What to do with supratherapeutic heparin (unfractionated heparin) therapy?

From the Guidelines

For super therapeutic heparin, immediately stop the heparin infusion and notify the healthcare team to prevent serious bleeding complications, as evidenced by the most recent guidelines 1. The management of super therapeutic heparin involves careful monitoring of the patient for signs of bleeding and adjusting the anticoagulation therapy as needed.

• Check the aPTT or anti-Xa level to determine the degree of anticoagulation, with a target aPTT ratio of 1.5 to 2.5, which approximates heparin levels of 0.3 to 0.7 IU/mL measured by an anti-Xa assay 1.
• If there is serious bleeding, administer protamine sulfate as the antidote, typically at a dose of 1 mg per 100 units of heparin received in the previous 2-3 hours, with a maximum single dose of 50 mg, as recommended by previous studies 1.
• Protamine should be administered slowly intravenously over 10 minutes to avoid hypotension and anaphylactoid reactions.
• If there is no active bleeding, simply stopping the heparin may be sufficient as its half-life is relatively short (60-90 minutes), and resume heparin at a lower dose once levels return to therapeutic range, if continued anticoagulation is needed. Super therapeutic heparin levels can occur due to overdosing, decreased clearance in renal impairment, or drug interactions, and can lead to dangerous bleeding complications including intracranial hemorrhage, gastrointestinal bleeding, or retroperitoneal bleeding, highlighting the importance of careful monitoring and management 1.

From the FDA Drug Label

Fatal hemorrhages have occurred in pediatric patients due to medication errors in which 1 mL Heparin Sodium Injection vials were confused with 1 mL “catheter lock flush” vials. Avoid using heparin in the presence of major bleeding, except when the benefits of heparin therapy outweigh the potential risks. Hemorrhage can occur at virtually any site in patients receiving heparin.
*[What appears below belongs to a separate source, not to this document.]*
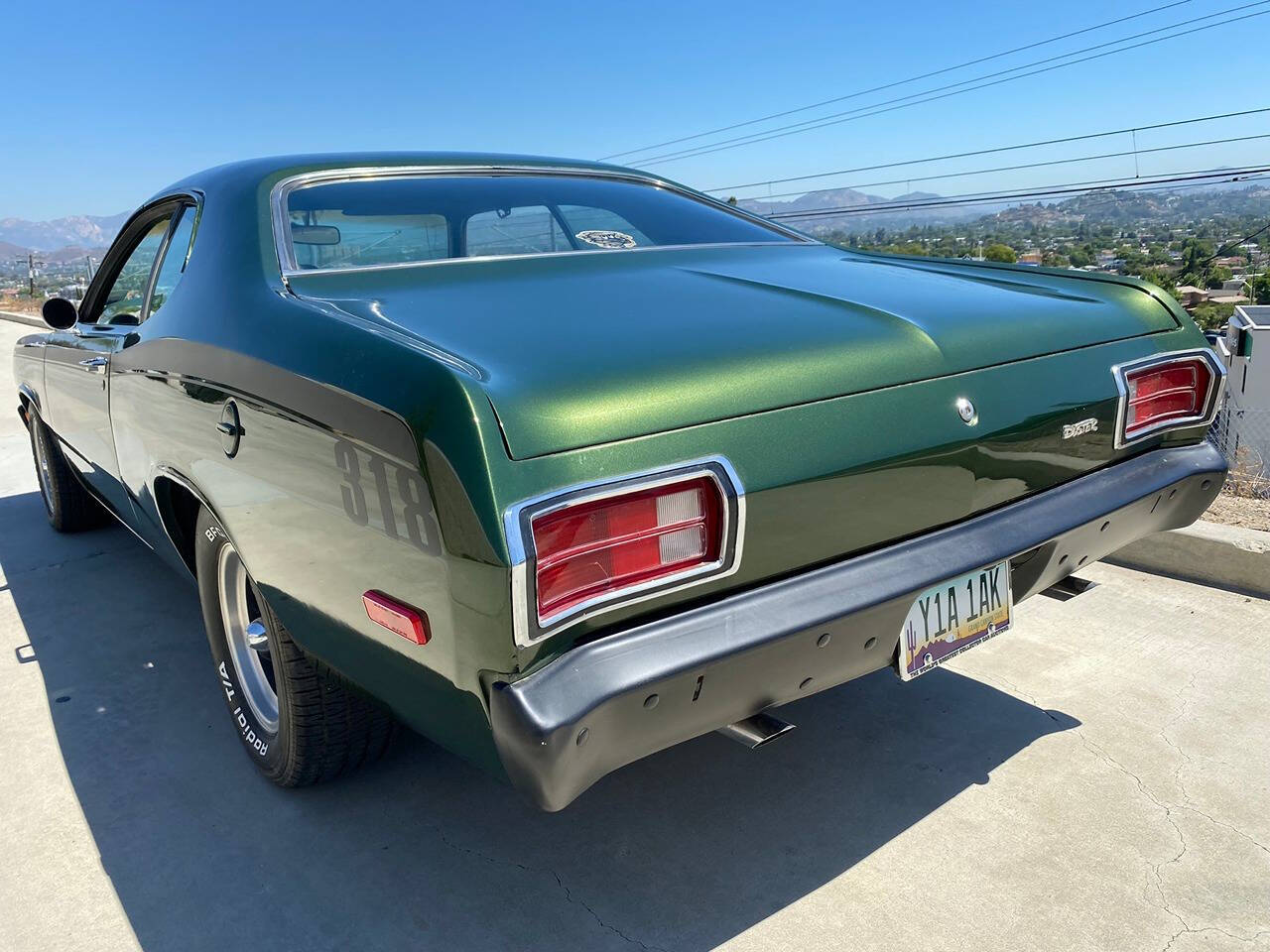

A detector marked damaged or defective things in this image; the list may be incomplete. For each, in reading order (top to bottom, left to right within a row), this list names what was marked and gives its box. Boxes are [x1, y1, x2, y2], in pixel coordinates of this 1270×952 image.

crack in concrete [429, 827, 670, 952]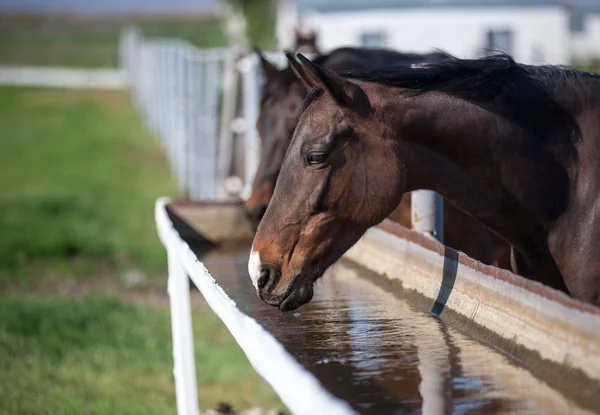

The management of super therapeutic heparin involves careful monitoring and potential dose adjustment.

• Key considerations:
  • Bleeding risk: High risk of bleeding, especially in patients over 60 years of age, and those with conditions that increase the risk of hemorrhage.
  • Monitoring: Regular monitoring of platelet counts, hematocrit, and occult blood in stool is necessary.
  • Dose adjustment: The heparin dose may need to be adjusted based on frequent blood coagulation tests.
  • Alternative anticoagulants: If the platelet count falls below 100,000/mm3 or if recurrent thrombosis develops, consider discontinuing heparin and administering an alternative anticoagulant 2 2.
• Interactions with other medications:
  • Oral anticoagulants: Heparin sodium may prolong the one-stage prothrombin time, so a period of at least 5 hours after the last intravenous dose or 24 hours after the last subcutaneous dose should elapse before blood is drawn 2.
  • Platelet inhibitors: Drugs that interfere with platelet-aggregation reactions may induce bleeding and should be used with caution in patients receiving heparin sodium 2.

From the Research

Monitoring Therapeutic Heparin

• The management of therapeutic heparin involves monitoring to ensure that the patient's blood is within the therapeutic range, neither too prone to clotting nor too prone to bleeding.
• Two common methods for monitoring unfractionated heparin (UFH) are the activated partial thromboplastin time (aPTT) and the antifactor Xa heparin assay (anti-Xa) 3, 4, 5, 6, 7.

Comparison of Monitoring Methods

• Studies have compared the performance of aPTT and anti-Xa protocols in adult patients, with results indicating that anti-Xa monitoring can provide a more accurate measure of anticoagulation and achieve therapeutic range more rapidly 3, 6, 7.
• The use of anti-Xa levels has been associated with fewer dose adjustments and less variability in test results compared to aPTT monitoring 4, 6.
• However, the choice of monitoring method may depend on various factors, including the specific clinical context and the availability of laboratory resources 5.

Clinical Implications

• The discordance between aPTT and anti-Xa values can have significant clinical implications, including an increased risk of bleeding complications in patients with high aPTT to normal anti-Xa values 3.
• The transition from aPTT to anti-Xa monitoring has been shown to be safe and efficacious in certain patient populations, including veterans 4.
• Further research is needed to fully understand the advantages and disadvantages of each monitoring method and to determine the optimal approach for specific patient groups 5, 7.